Problem to solve = Pictures are to be left out. Return exactly the lines below from the one with "Haarperlen Blau glänzend" up to and including the one with "Leopard Print Cheetah".

Given data =
---*---

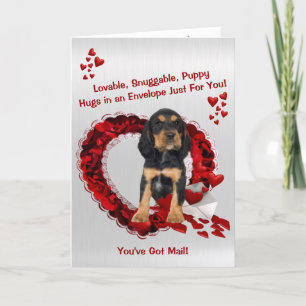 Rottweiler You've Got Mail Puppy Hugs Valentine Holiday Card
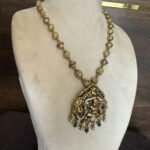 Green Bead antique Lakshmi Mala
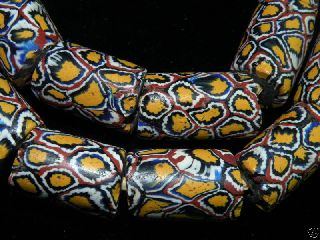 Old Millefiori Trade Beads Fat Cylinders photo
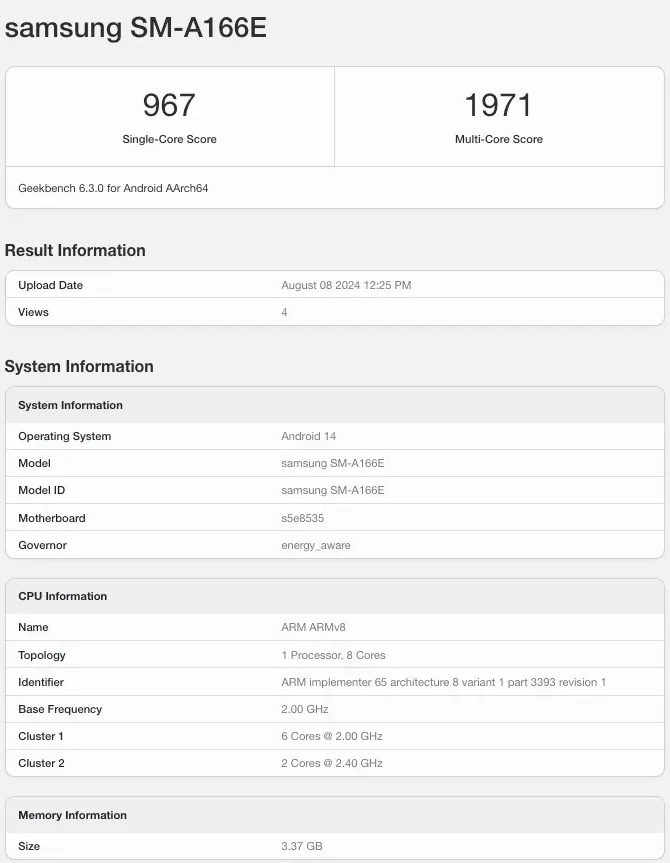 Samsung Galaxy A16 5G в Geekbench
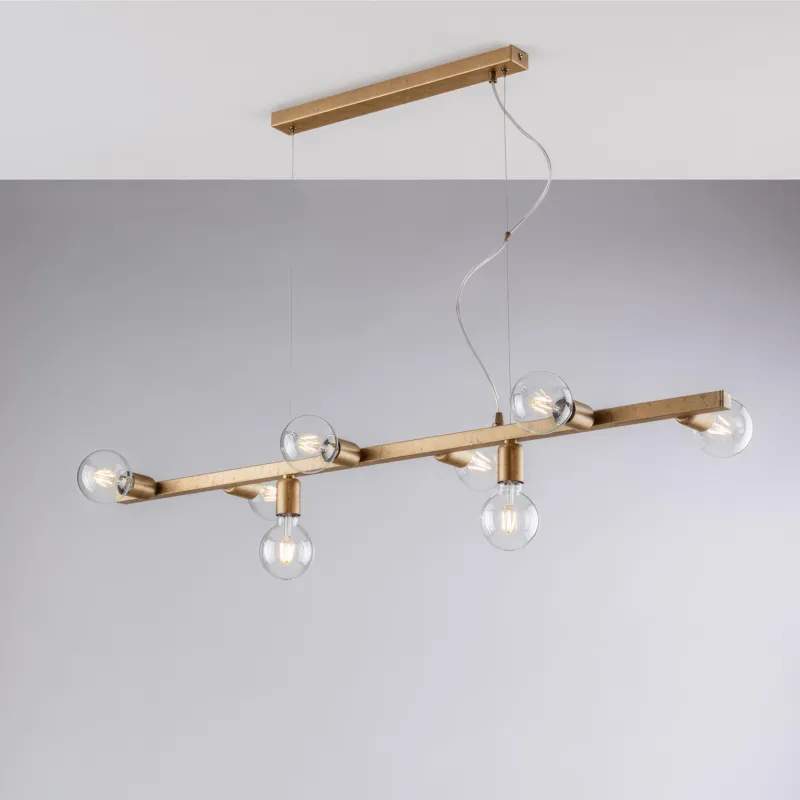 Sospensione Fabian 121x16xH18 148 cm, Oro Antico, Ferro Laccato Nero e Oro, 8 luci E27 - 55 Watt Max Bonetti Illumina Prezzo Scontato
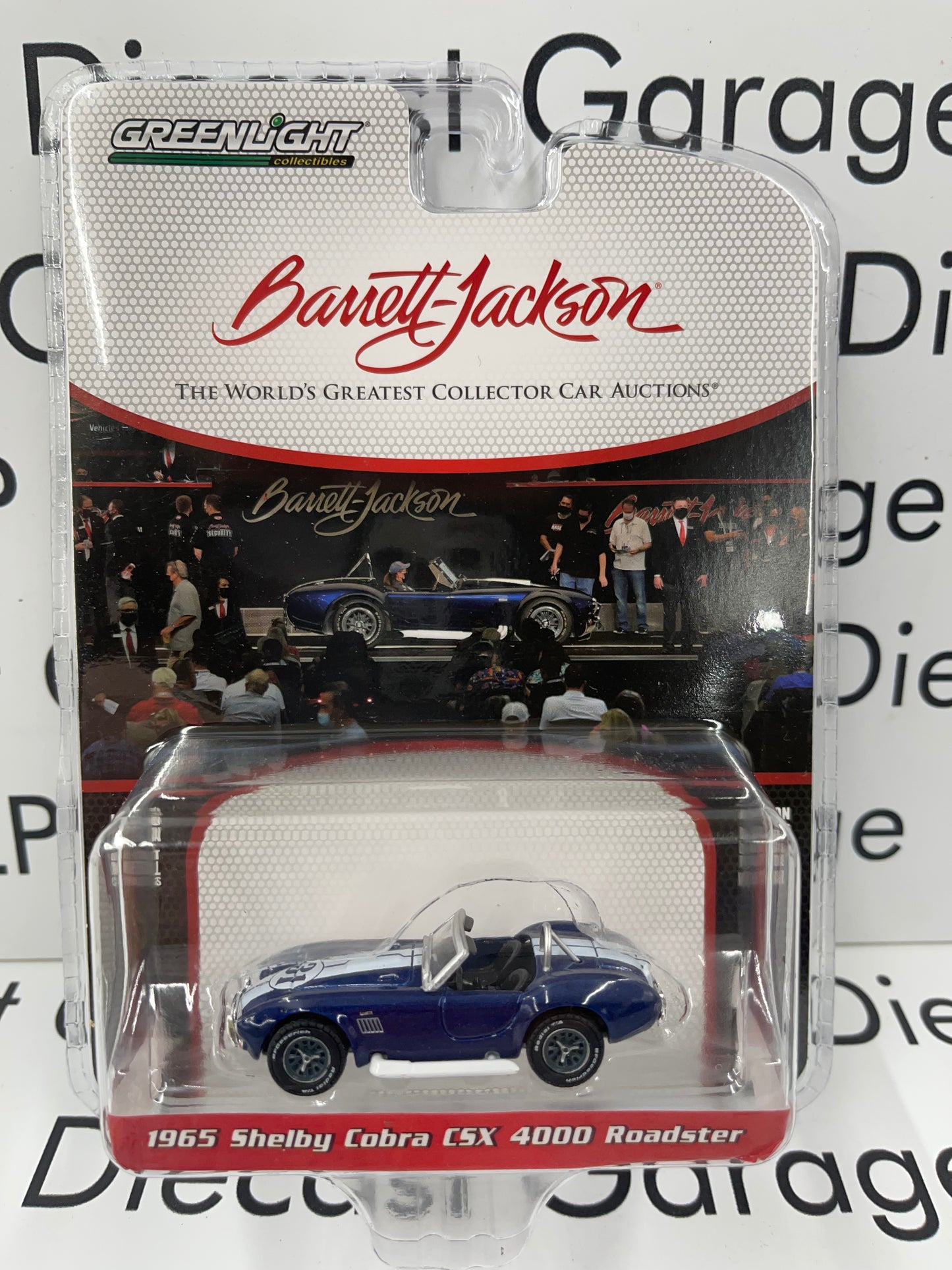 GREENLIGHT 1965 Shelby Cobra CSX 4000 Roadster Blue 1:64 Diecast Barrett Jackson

---*---

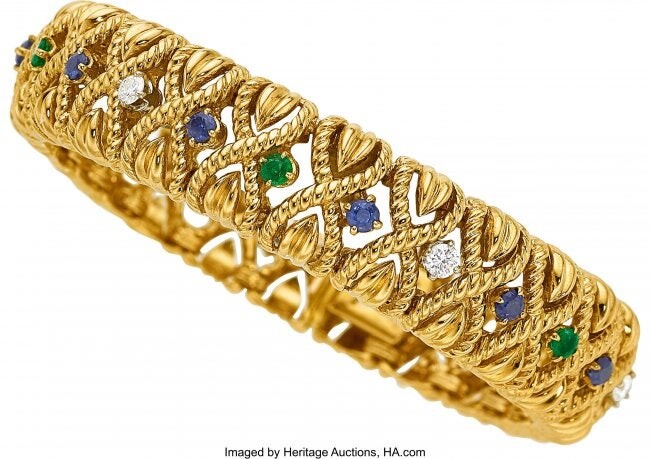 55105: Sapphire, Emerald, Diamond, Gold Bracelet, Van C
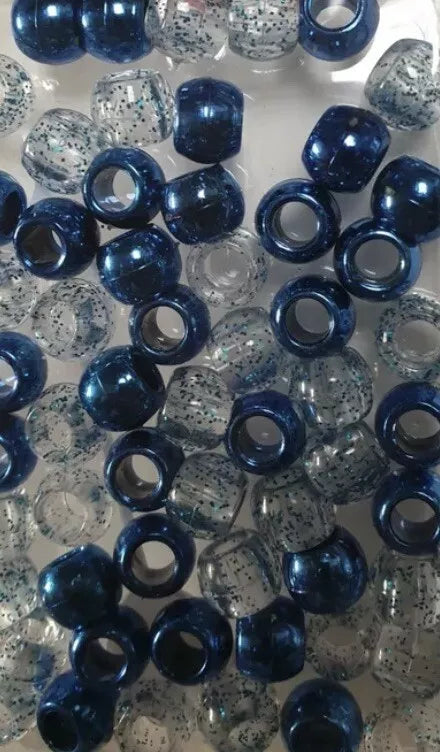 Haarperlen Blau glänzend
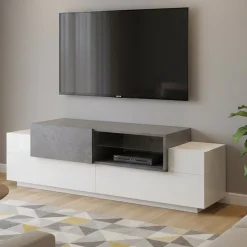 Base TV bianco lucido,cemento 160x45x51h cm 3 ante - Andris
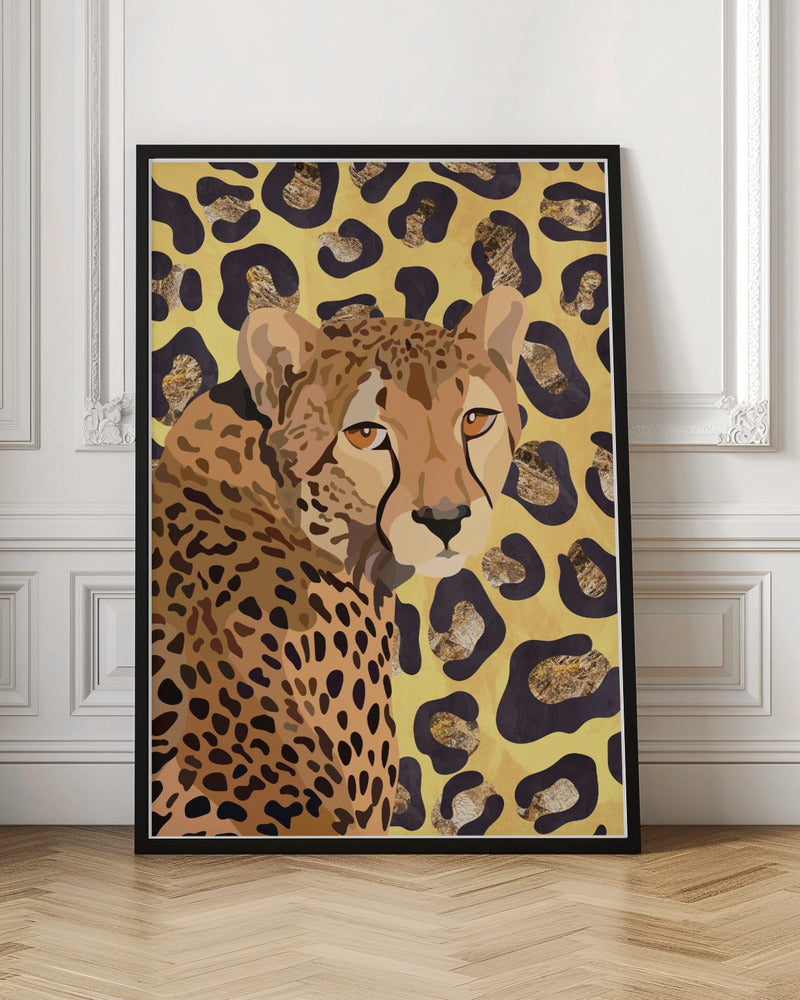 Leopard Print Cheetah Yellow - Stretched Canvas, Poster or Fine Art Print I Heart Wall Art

---*---

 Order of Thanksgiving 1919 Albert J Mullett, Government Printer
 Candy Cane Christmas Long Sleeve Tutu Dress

---*---

Written solution =
 Haarperlen Blau glänzend
 Base TV bianco lucido,cemento 160x45x51h cm 3 ante - Andris
 Leopard Print Cheetah Yellow - Stretched Canvas, Poster or Fine Art Print I Heart Wall Art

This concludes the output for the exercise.